The Real Deal New York

Billy Macklowe: “I think retail is f*cked, plain and simple”

Landlords grapple with higher vacancies, struggling retailers
By E.B. Solomont | April 28, 2017 05:18PM

Billy Macklowe (Credit: STUDIO SCRIVO)

The retail slowdown has become a key theme in the narrative of the market over the last year-and-a-half. Brokers bemoan stubborn landlords holding out for higher rents, but many landlords remain optimistic they’ll find tenants willing to pay top dollar for a presence on the city’s most popular shopping corridors.

Not so, says Billy Macklowe. “I think retail is fucked, plain and simple,” the head of the William Macklowe Company said Friday, adding that the signs are obvious to anyone walking down Fifth and Madison avenues or around Soho. “If you do that, just on a visual basis, you will get to a radical vacancy rate the major brokerages aren’t putting out there,” he said.

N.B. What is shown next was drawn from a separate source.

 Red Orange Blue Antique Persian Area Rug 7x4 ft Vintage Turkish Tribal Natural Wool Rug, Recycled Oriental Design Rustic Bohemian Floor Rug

Empty storefronts signal the stalemate between tenants who won’t pay higher rents and landlords who refuse to accept lower prices. “The first landlord that blinks” will reset the market, said Macklowe, speaking at the Haute Residence luxury real estate summit at the Core club. “Every retailer will pounce and smell blood in the water.”

Don Peebles, a fellow panelist and head of the Peebles Corporation, said residential developers had in the past seen retail as another avenue for value creation in new buildings. “Now we’re in an unknown space,” he said. He described retail vacancies on Fifth Avenue as a “bloodbath” and said retail throughout the city has weathered “dramatic” price adjustments.

On Fifth Avenue, availability rates have jumped to 16 percent, Cushman & Wakefield data show. Earlier this month, Ralph Lauren announced it was closing its Fifth Avenue Polo store. And Vornado Realty Trust’s Steve Roth anticipates a moment in the near-future where well-capitalized firms would be in a situation to “feed on the carnage” caused by the “rightsizing” of the retail market. Roth, however, predicted that flagship retail would only grow in importance.

Roth’s view was echoed on Friday’s panel by Mitchell Moinian of the Moinian Group. He discussed his firm’s vacancies 535-545 Fifth Avenue, where the NBA leases nearly 30,000 square feet, leaving another 60,000 square feet up for grabs. “You don’t have to necessarily cut rent, but the approach to rents are different,” he acknowledged. “To be on Fifth [Avenue] in New York City, that’s something we believe retailers will always want, even if Ralph [Lauren] is closing his store.”